How not to improve education in five easy steps:

Raise the age of compulsory education. Twenty-six states require children to attend school until age 16, the rest until 17 or 18, but we should ensure that all children stay in school until age 19. Simply completing high school no longer provides students with an education sufficient for them to compete in the 21st-century economy. So every child should receive a year of post-secondary education.


Which begs the question, does every child have the capacity, motivation or need to receive a year of post-secondary education?  A drive toward universal tertiary education would merely transform college and university degrees, like high school diplomas before them, into de facto certificates of attendance. Nor is schooling the same thing as education. Some learn better outside of academic settings. Some learn only when properly motivated, after getting a taste of the real world of menial jobs.  Some simply don't have the capacity.  Trying to leave no child behind often holds back the rest of the class.  All this seems a very high price to pay for providing more employment for unionized teachers.

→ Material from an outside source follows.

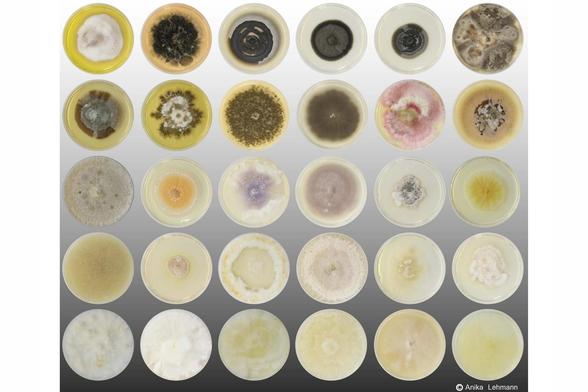Bildraster mit 30 Petrischalen, angeordnet in fünf Reihen zu je sechs Schalen, fotografiert von oben. Die Pilzkulturen zeigen ein breites Spektrum an Farben und Wuchsformen: von tiefschwarzen und dunkelgrauen Kolonien über grüne, beige und cremefarbene bis hin zu auffällig violetten, rosafarbenen und gelblichen Strukturen. Die Texturen reichen von samtig-pelzig und faserig-strahlenförmig bis glatt und körnig. Der Hintergrund der Schalen geht von hellgelb in den oberen Reihen zu grau und dunkel in den unteren Reihen über. Bildnachweis: Anika Lehmann.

But truant officers can borrow a page from salesmen, who have developed high-pressure tactics so effective they can overwhelm the consumer’s will. Making repeated home visits and early morning phone calls, securing written commitments and eliciting oral commitments in front of witnesses might be egregious tactics when used by, say, a credit card company. But these could be valuable ways to compel parents to ensure that their children go to school every day.


I ask, knowing the answer, do these truant children have parents? When public education was established, the early truant officers spent a good chunk of their time trying to convince parents to send their children to school.  The parents were a little skeptical, wondering if their children needed all that fancy book learning.  That's probably not the problem today.  The problem is a lack of stable two parent families, something truant officers can do precious little about.

Advertise creatively and aggressively to encourage college enrollment. The University of Phoenix, a private, for-profit institution, spent $278 million on advertising, most of it online, in 2007. 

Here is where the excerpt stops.